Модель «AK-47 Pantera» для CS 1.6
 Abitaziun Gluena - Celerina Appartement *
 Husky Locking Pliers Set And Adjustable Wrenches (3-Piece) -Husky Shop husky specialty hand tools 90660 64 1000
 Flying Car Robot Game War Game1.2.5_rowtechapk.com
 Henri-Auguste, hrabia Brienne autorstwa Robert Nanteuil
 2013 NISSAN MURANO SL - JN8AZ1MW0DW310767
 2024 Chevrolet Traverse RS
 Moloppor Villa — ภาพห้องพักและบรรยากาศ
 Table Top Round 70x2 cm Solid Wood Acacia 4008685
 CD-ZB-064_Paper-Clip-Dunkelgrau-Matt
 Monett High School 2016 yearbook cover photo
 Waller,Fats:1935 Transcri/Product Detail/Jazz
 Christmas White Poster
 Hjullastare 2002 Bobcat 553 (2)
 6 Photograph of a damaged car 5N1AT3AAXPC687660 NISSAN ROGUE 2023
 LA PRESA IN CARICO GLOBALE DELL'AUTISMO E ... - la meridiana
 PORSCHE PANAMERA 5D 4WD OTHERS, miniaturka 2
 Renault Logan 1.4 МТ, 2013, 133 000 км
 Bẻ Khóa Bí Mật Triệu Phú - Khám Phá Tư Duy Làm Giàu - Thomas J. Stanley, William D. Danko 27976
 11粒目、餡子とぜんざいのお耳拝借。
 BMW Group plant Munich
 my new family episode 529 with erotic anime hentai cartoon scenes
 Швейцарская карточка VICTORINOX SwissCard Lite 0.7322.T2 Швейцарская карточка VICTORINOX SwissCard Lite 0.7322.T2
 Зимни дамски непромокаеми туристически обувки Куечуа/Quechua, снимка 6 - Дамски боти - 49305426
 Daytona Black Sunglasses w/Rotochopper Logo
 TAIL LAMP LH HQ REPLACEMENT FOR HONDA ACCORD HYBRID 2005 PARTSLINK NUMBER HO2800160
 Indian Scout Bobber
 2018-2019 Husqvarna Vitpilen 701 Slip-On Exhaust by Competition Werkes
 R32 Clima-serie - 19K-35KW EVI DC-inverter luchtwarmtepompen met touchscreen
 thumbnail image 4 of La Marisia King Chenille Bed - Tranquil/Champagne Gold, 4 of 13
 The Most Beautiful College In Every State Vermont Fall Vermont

◆ **What this task involves**
In the records above, find every line that contains the word "NISSAN" and copy it.

◆ **Response to this task**
 2013 NISSAN MURANO SL - JN8AZ1MW0DW310767
 6 Photograph of a damaged car 5N1AT3AAXPC687660 NISSAN ROGUE 2023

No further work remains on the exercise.